**RECORD SET:**
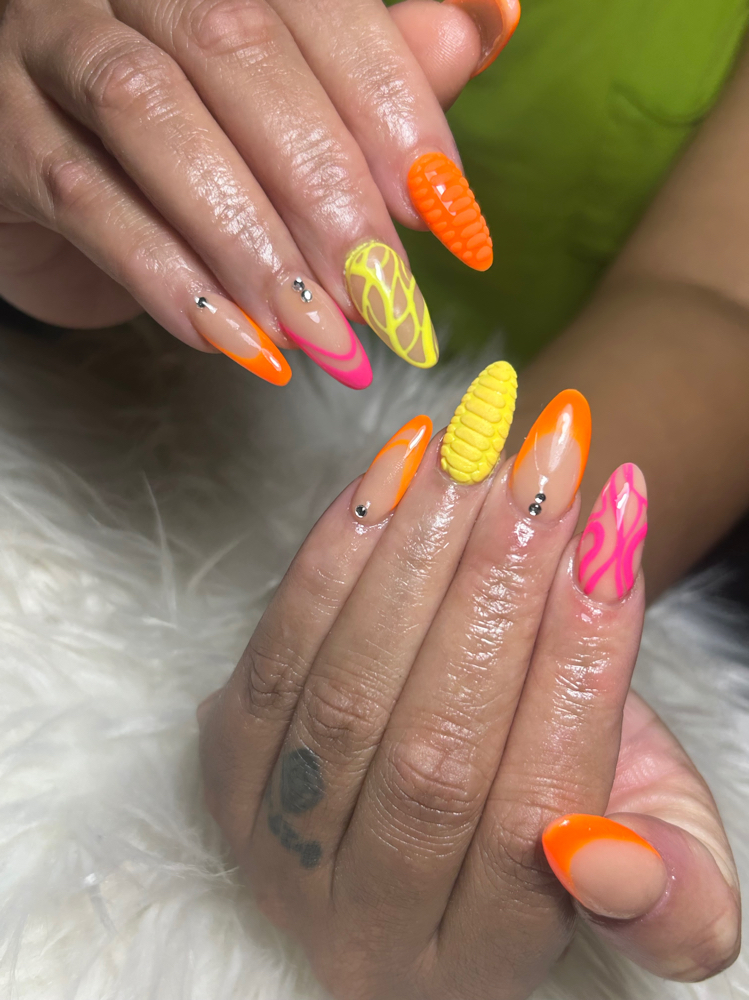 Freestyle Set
* * *
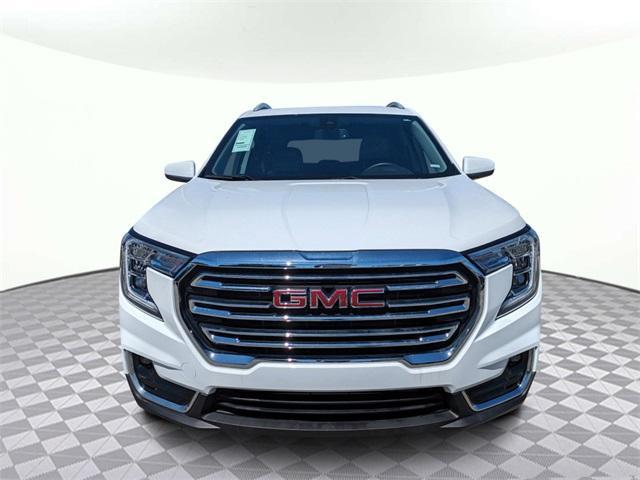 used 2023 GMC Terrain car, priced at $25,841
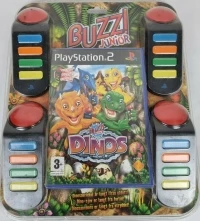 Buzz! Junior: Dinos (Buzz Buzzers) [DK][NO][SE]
---
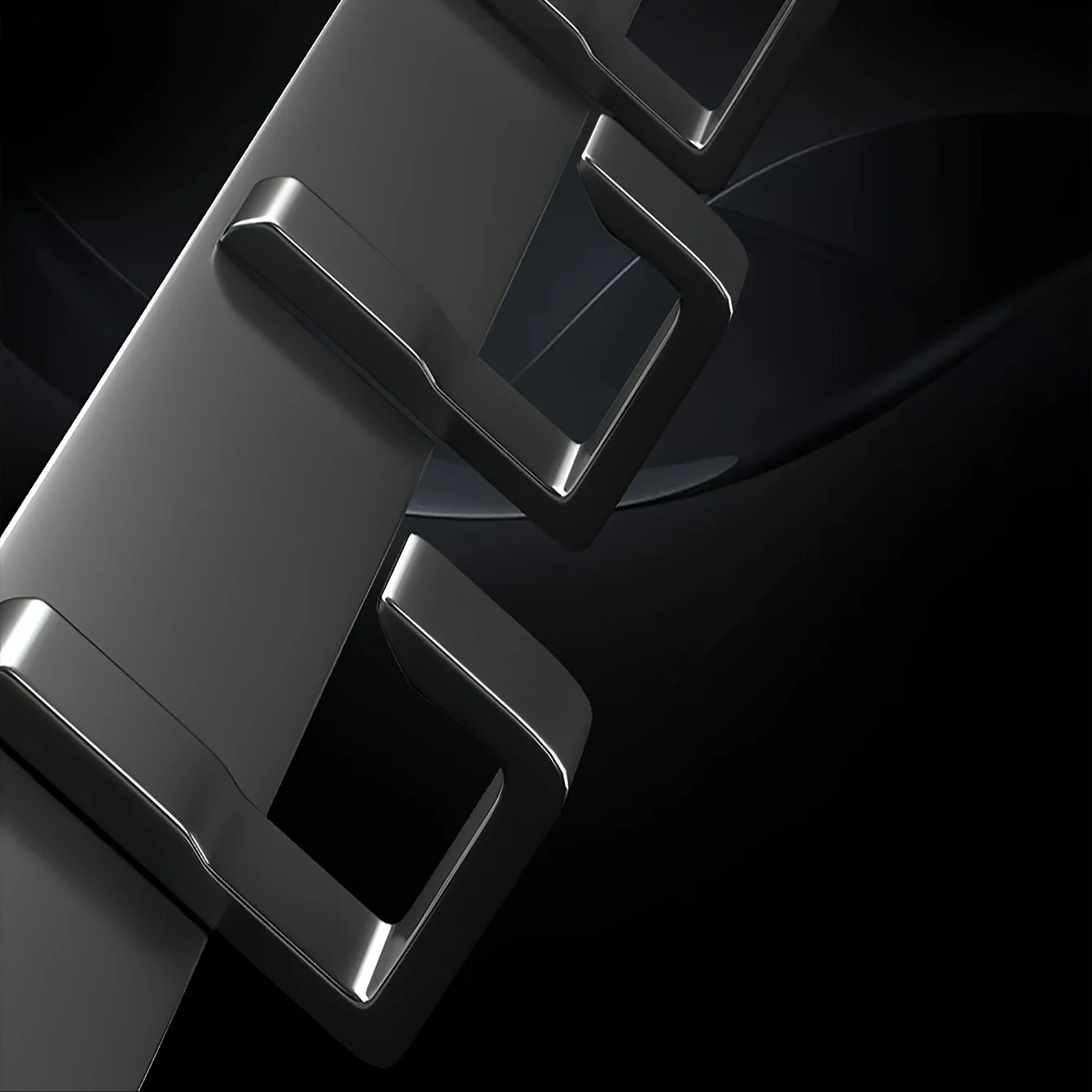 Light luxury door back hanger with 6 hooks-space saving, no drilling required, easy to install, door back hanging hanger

**EXERCISE BRIEF:**
Without the pictures, set down the lines above from the line with "used 2023 GMC Terrain car, priced at $25,841" up to and including the line with "Buzz! Junior: Dinos" exactly as they stand.

**SOLUTION TO THE EXERCISE:**
 used 2023 GMC Terrain car, priced at $25,841
 Buzz! Junior: Dinos (Buzz Buzzers) [DK][NO][SE]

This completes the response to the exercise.